=== EXTRACTED DATA ===

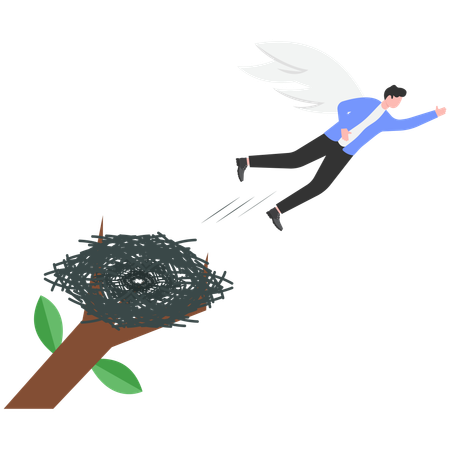 Businessman flying out of nest  Illustration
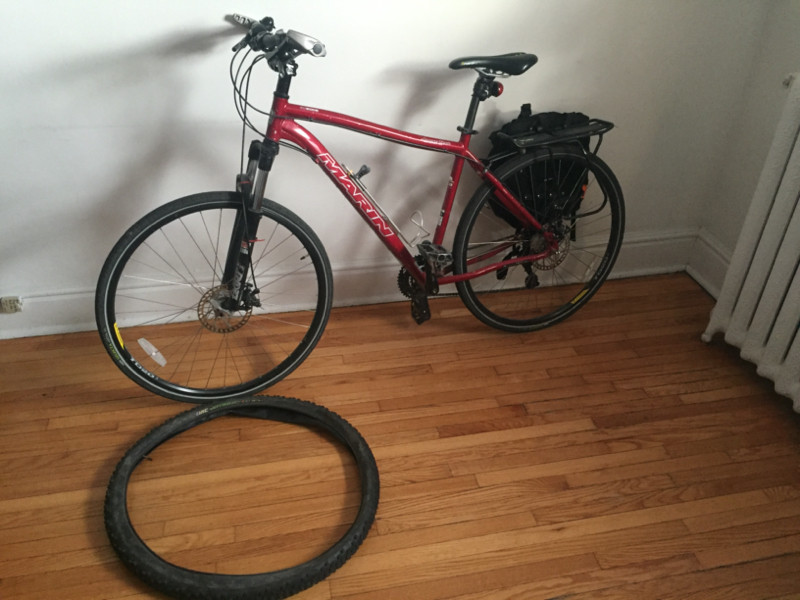 20.5" 29er Mountain Bike w rack, panniers, barends,hybrid tires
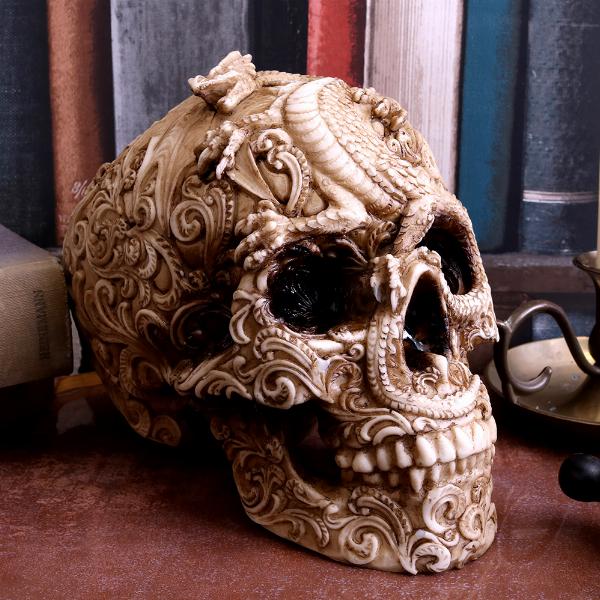 Photo #5 of product U4465N9 - Cranial Drakos Engraved Dragon Skull Ornament 19.5cm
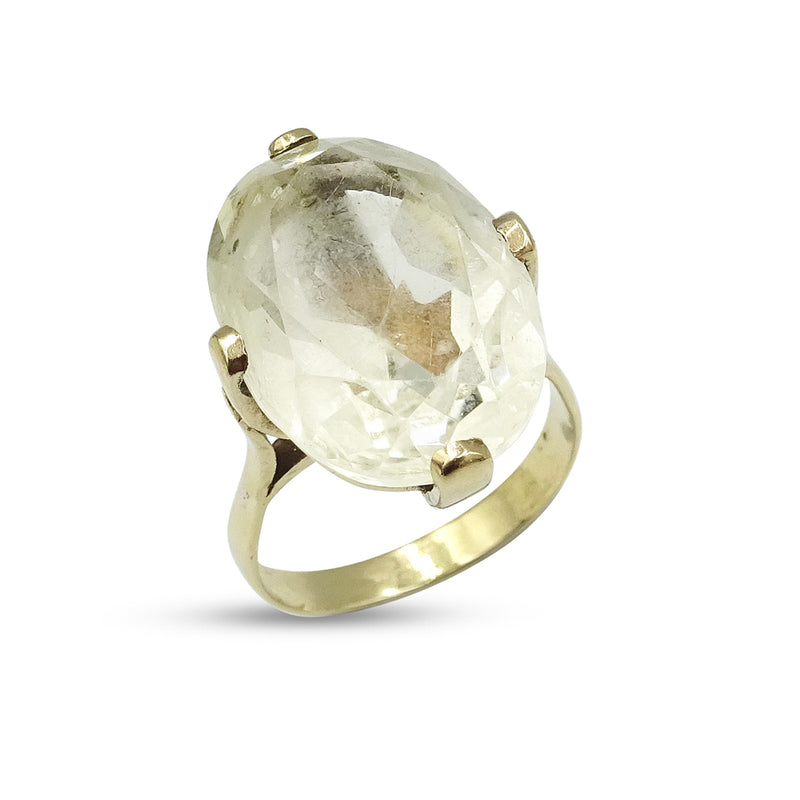 9ct Yellow Gold Citrine Cocktail Ring Size O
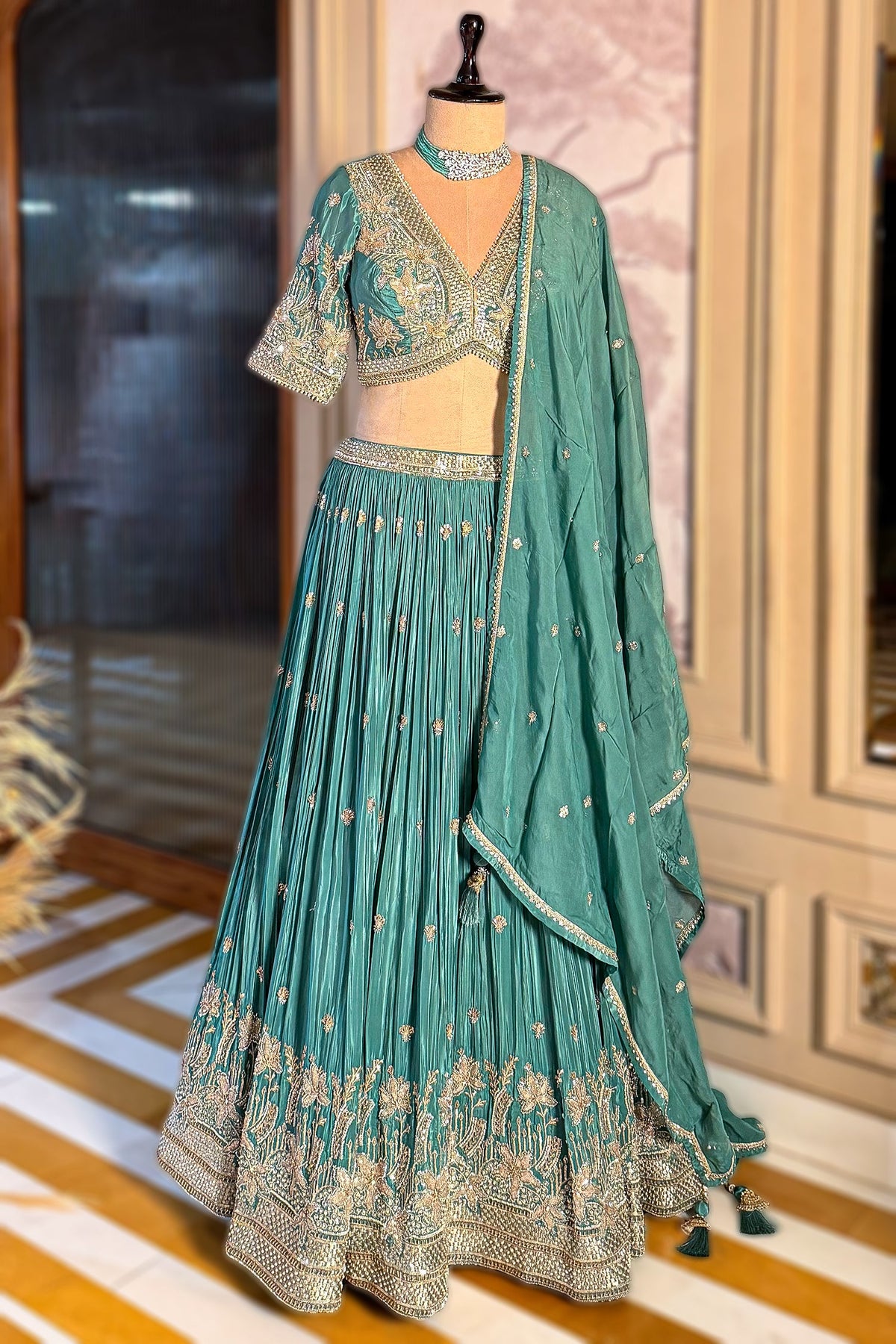 Sea Green Crepe Satin Silk Cutdana Beaded Halter Neck Lehenga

===

(EXERCISE REQUIREMENTS):
Your answer must be the lines from the line containing "9ct Yellow Gold Citrine Cocktail Ring Size O" through the final line of the data, written out exactly, both ends included and pictures left out.

(EXERCISE OUTPUT):
 9ct Yellow Gold Citrine Cocktail Ring Size O
 Sea Green Crepe Satin Silk Cutdana Beaded Halter Neck Lehenga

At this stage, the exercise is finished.